## [Assignment]
All lines from the one containing "Two Toned Bowtie" down to the one containing "Moissanite Multi Row", both ends included, are to be given again exactly; omit the rest of the listing below.

Records provided section start

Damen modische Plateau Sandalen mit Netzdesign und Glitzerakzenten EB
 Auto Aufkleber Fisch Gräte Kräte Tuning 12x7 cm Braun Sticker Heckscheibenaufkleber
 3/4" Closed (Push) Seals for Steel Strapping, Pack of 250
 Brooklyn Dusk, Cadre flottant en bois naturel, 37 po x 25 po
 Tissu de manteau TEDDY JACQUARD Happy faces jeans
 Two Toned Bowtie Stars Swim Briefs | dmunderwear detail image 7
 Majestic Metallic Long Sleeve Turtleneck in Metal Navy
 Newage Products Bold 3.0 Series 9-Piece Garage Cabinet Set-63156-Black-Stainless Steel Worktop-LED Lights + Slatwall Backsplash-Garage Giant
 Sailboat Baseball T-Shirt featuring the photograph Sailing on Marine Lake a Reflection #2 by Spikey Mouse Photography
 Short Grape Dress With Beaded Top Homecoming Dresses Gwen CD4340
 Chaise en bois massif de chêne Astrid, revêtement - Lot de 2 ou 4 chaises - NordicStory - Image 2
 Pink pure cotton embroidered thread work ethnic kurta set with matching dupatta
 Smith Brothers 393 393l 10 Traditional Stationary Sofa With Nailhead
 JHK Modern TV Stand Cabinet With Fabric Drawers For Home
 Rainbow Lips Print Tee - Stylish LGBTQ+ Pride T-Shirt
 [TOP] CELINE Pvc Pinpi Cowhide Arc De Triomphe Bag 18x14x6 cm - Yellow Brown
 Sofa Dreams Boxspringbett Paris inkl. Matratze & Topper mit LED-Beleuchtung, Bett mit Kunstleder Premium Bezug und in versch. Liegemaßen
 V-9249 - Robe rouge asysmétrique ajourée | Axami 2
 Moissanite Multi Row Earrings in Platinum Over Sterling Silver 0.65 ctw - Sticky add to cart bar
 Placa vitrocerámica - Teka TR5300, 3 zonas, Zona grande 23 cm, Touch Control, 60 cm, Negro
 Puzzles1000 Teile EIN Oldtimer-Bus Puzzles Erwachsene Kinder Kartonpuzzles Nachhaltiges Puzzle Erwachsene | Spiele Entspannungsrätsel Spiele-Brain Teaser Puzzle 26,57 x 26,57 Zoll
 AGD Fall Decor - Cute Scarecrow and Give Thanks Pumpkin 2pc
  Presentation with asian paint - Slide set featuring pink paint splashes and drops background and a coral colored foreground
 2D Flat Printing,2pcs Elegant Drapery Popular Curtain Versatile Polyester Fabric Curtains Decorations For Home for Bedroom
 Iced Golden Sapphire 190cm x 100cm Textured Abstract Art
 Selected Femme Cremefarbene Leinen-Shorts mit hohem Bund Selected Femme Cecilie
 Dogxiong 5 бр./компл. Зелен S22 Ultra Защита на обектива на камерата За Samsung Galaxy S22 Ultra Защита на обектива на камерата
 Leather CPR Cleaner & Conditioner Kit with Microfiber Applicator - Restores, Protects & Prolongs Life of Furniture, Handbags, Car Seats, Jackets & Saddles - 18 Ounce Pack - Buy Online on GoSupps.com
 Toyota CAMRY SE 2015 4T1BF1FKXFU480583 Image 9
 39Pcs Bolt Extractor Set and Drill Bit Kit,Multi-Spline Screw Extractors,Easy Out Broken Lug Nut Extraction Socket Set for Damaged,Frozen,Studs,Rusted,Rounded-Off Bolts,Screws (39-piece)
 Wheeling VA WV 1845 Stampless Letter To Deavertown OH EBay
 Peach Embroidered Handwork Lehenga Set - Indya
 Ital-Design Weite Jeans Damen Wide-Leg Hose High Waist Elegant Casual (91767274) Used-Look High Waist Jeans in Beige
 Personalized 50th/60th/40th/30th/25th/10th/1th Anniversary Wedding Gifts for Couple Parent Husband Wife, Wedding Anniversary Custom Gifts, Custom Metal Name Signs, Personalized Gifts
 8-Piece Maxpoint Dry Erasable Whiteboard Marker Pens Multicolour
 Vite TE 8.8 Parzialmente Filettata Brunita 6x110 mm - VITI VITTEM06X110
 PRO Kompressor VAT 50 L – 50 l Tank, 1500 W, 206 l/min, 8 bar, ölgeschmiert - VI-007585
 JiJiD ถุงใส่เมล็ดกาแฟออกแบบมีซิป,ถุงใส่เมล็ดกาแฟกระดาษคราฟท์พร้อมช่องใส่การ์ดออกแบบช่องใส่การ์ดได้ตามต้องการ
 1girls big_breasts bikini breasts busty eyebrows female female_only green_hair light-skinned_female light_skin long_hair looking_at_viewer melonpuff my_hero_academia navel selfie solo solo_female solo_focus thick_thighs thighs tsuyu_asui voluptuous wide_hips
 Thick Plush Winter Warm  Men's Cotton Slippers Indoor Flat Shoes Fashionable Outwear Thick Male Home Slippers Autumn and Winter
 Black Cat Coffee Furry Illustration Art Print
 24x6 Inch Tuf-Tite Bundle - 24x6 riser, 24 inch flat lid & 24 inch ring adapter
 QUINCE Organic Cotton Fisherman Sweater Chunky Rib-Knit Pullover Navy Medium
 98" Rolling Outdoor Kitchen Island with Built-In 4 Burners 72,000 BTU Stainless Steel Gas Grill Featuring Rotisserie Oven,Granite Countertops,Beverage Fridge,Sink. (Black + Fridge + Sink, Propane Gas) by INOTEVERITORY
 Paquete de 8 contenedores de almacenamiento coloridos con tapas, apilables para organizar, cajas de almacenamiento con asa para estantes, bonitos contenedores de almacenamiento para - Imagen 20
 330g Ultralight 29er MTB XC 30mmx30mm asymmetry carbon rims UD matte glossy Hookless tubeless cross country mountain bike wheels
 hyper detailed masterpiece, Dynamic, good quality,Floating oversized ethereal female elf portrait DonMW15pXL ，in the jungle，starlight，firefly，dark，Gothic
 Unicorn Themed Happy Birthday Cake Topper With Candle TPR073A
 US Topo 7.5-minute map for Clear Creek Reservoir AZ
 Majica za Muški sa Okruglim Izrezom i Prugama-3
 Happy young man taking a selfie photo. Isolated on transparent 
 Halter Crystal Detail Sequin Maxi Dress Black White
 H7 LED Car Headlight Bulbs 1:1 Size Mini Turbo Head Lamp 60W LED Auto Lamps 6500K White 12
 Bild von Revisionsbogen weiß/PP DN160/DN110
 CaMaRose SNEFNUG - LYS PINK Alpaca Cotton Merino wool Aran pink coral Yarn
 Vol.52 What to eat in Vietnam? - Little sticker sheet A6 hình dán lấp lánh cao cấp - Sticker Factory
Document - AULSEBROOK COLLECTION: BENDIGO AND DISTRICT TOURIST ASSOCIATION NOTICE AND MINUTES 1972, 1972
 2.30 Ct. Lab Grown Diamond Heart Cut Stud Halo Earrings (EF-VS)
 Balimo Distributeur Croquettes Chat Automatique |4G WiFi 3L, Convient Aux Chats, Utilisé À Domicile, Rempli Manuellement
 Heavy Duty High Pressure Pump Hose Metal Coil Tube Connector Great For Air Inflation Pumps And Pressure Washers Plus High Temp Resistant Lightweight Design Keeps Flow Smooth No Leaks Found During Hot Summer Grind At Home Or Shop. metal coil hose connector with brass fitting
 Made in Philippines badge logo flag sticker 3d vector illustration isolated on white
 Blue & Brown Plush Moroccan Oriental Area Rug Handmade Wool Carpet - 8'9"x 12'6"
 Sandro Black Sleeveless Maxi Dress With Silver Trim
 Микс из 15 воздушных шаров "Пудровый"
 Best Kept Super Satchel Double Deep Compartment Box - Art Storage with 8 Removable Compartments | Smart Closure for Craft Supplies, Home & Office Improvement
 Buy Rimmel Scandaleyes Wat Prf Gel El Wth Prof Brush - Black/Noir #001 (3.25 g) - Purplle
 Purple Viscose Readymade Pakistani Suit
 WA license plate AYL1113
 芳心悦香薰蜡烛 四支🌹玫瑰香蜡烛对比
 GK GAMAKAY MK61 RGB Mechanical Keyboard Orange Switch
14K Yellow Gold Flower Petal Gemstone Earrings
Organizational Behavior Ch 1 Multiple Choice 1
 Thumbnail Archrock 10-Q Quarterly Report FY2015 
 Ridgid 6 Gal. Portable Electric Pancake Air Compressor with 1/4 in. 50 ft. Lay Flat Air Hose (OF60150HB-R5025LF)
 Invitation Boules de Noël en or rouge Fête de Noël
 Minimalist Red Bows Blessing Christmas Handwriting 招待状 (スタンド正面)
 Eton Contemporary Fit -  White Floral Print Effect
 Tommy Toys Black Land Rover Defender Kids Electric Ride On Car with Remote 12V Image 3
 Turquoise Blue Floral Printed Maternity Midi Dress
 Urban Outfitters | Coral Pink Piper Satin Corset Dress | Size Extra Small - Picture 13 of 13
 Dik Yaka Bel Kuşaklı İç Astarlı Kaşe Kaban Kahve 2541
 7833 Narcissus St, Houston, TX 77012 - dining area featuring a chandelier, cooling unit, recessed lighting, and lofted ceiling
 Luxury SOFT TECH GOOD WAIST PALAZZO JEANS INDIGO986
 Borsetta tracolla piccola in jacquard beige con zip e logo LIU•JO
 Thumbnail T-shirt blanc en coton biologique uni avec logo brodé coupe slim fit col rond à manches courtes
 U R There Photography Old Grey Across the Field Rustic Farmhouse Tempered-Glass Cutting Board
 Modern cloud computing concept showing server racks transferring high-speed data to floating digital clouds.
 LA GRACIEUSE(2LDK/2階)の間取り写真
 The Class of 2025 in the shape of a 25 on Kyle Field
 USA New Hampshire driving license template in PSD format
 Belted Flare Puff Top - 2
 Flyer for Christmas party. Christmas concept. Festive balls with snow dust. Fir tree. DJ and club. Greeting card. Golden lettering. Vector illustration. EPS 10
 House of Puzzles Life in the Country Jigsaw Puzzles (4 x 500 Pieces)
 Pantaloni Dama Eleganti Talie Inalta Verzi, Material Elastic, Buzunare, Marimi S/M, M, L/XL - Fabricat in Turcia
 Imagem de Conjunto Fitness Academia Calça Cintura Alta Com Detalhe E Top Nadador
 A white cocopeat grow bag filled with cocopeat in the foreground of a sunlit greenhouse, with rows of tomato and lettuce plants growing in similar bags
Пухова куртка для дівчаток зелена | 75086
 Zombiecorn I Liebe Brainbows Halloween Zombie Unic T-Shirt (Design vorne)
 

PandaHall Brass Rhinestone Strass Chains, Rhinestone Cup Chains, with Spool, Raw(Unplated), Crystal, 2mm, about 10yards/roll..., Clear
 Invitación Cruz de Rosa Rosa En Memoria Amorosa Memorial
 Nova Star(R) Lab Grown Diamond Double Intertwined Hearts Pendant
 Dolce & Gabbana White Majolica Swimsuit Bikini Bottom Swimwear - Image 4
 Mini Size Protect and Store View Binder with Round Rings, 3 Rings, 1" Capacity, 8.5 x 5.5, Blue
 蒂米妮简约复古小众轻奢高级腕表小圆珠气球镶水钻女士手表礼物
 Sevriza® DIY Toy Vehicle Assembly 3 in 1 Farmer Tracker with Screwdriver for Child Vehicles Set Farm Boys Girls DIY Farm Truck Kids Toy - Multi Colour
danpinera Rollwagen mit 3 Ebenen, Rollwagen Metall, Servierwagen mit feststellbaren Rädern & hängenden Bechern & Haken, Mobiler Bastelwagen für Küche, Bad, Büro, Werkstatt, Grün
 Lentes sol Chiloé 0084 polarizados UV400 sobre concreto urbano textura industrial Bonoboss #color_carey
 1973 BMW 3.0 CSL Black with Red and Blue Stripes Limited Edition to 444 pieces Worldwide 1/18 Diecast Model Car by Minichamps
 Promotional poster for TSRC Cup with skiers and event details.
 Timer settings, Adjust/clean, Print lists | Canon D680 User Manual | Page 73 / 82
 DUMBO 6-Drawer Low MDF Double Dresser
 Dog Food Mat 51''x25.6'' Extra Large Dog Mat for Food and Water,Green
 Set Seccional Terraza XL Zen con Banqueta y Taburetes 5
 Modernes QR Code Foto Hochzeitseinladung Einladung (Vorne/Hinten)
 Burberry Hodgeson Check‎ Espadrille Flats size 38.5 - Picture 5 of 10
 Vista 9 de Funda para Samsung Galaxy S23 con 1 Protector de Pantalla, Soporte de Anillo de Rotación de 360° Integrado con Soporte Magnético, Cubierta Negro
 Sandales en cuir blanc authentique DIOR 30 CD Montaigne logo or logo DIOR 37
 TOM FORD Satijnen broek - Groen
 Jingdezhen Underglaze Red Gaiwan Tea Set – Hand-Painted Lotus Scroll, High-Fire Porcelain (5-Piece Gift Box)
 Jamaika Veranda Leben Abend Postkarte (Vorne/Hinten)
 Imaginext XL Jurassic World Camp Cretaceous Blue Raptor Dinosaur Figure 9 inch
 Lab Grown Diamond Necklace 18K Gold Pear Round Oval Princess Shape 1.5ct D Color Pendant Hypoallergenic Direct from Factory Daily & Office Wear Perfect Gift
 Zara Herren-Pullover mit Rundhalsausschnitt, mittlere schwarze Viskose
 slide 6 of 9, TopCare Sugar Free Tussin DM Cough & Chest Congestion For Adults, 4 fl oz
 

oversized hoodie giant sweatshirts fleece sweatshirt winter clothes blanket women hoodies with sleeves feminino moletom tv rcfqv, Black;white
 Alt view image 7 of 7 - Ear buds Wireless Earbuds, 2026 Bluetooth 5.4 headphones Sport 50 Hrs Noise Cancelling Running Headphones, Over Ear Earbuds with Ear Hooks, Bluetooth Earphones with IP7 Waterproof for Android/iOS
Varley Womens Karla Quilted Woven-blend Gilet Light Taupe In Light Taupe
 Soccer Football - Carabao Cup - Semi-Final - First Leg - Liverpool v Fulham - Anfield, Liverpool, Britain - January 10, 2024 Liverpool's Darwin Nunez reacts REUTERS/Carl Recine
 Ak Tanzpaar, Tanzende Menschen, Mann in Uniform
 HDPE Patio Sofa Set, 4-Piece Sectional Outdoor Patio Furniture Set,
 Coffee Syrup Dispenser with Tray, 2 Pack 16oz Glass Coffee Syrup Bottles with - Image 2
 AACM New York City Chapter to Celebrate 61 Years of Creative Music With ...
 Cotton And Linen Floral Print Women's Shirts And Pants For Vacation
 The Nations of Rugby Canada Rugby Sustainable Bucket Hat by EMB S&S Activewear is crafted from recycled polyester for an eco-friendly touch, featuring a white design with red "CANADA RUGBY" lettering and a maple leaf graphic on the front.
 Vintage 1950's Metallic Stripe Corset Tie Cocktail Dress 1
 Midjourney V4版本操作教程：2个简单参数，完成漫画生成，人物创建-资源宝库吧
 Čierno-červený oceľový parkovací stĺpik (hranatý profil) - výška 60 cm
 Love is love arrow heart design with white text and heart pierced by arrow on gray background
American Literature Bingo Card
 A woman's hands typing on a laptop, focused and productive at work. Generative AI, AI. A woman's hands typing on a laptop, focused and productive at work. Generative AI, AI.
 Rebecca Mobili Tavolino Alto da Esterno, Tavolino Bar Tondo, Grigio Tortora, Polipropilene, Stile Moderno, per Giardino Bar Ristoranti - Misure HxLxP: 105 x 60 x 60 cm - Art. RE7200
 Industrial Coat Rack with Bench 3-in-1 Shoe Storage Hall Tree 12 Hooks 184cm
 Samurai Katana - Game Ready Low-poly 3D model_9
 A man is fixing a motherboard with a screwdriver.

Records provided section end

## [Output for this task]
 Two Toned Bowtie Stars Swim Briefs | dmunderwear detail image 7
 Majestic Metallic Long Sleeve Turtleneck in Metal Navy
 Newage Products Bold 3.0 Series 9-Piece Garage Cabinet Set-63156-Black-Stainless Steel Worktop-LED Lights + Slatwall Backsplash-Garage Giant
 Sailboat Baseball T-Shirt featuring the photograph Sailing on Marine Lake a Reflection #2 by Spikey Mouse Photography
 Short Grape Dress With Beaded Top Homecoming Dresses Gwen CD4340
 Chaise en bois massif de chêne Astrid, revêtement - Lot de 2 ou 4 chaises - NordicStory - Image 2
 Pink pure cotton embroidered thread work ethnic kurta set with matching dupatta
 Smith Brothers 393 393l 10 Traditional Stationary Sofa With Nailhead
 JHK Modern TV Stand Cabinet With Fabric Drawers For Home
 Rainbow Lips Print Tee - Stylish LGBTQ+ Pride T-Shirt
 [TOP] CELINE Pvc Pinpi Cowhide Arc De Triomphe Bag 18x14x6 cm - Yellow Brown
 Sofa Dreams Boxspringbett Paris inkl. Matratze & Topper mit LED-Beleuchtung, Bett mit Kunstleder Premium Bezug und in versch. Liegemaßen
 V-9249 - Robe rouge asysmétrique ajourée | Axami 2
 Moissanite Multi Row Earrings in Platinum Over Sterling Silver 0.65 ctw - Sticky add to cart bar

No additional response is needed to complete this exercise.